Interestingly enough, when making comparisons to The Incredibles, there’s a lot of thematic overlap as both mediums involve the controlling and regulating of ‘Supers’ or ‘Powers’. But returning to the issue, it was a great introduction or pre-introduction to the series, and it earns a 4/5.
Again, I have to give props to the artwork, I mean I love the dark city backdrop, but it’s so cool how as we fade into the characters everything is still well defined. I’m still getting major Superman vibes from Walker, he’s just so expansive that he’s bigger than everyone he shares a panel with, and it’s difficult not to like this comic when they get my Pavlov going with those low key Superman visuals.
That being said, Walker does not approach Superman’s squeaky clean persona. I mean he quite literally lives in a much darker reality, the overcast sky being recimenscent of Gotham for example. He’s just a more ambiguous character, sort of trapped in his own mind, stoic and often monolosyablic or at least a man of few words and this comes across fairly quickly. Actually now that I think about it, especially with the visual comparison to Gotham, there’s just as much of an overtone of the Dark Knight about Walker as there is Superman. Mainly just his gruff exterior and he also looks fairly like Bruce Wayne, especially in Batman: Mask of the Phantasm.

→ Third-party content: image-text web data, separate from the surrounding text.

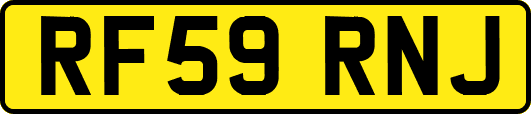 RF59RNJ
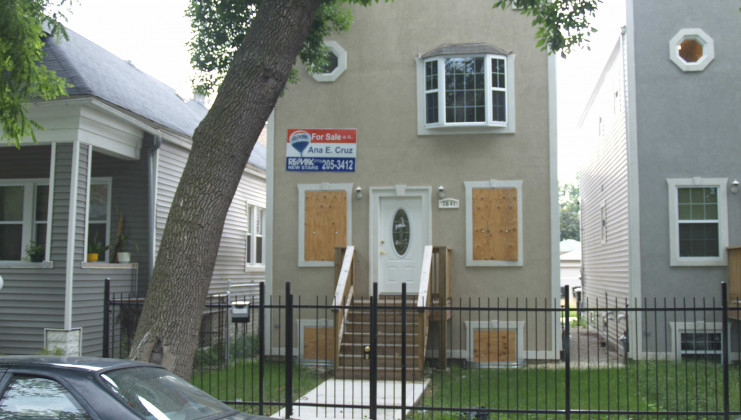 7841 s maryland ave, chicago, il 60619
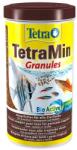 TETRA Feed Tetra Min Granule 1l (A1-254350)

Okay, enough comparisons, as I discussed in my review of issue 0.5 the pacing in this comic is great. Everything builds up to a very natural point, the relationship between Walker and Wolfe, between Walker and the other ‘Powers’ and of course between him and his fellow law enforcement Officers are all developed almost as an undertone. I like when a narrative can manage to provide information and background without saying anything explicitly which is especially important considering the fact that Walker as suggested above taciturn so you aren’t necessarily going to get anything from him. To elaborate on this point a little, when Walker is discussing things with Flinch through the door, I feel that you learn as much about the characters as you do about the world in which the characters exist.
Also I won’t ruin the joke, but I had a literal laugh out loud moment when reading this issue. I feel that it undercuts the obvious tension of the scene, but in a way that is both innocent and very engaging. So yeah, it’s not afraid to be funny, but it’s also got its fair share of dark or grim moments. Overall I feel that the world and narrative presented in Powers is one that feels very grounded despite the obvious…flighty elements. And with that bad joke, I think I’ll give this issue a strong 4/5.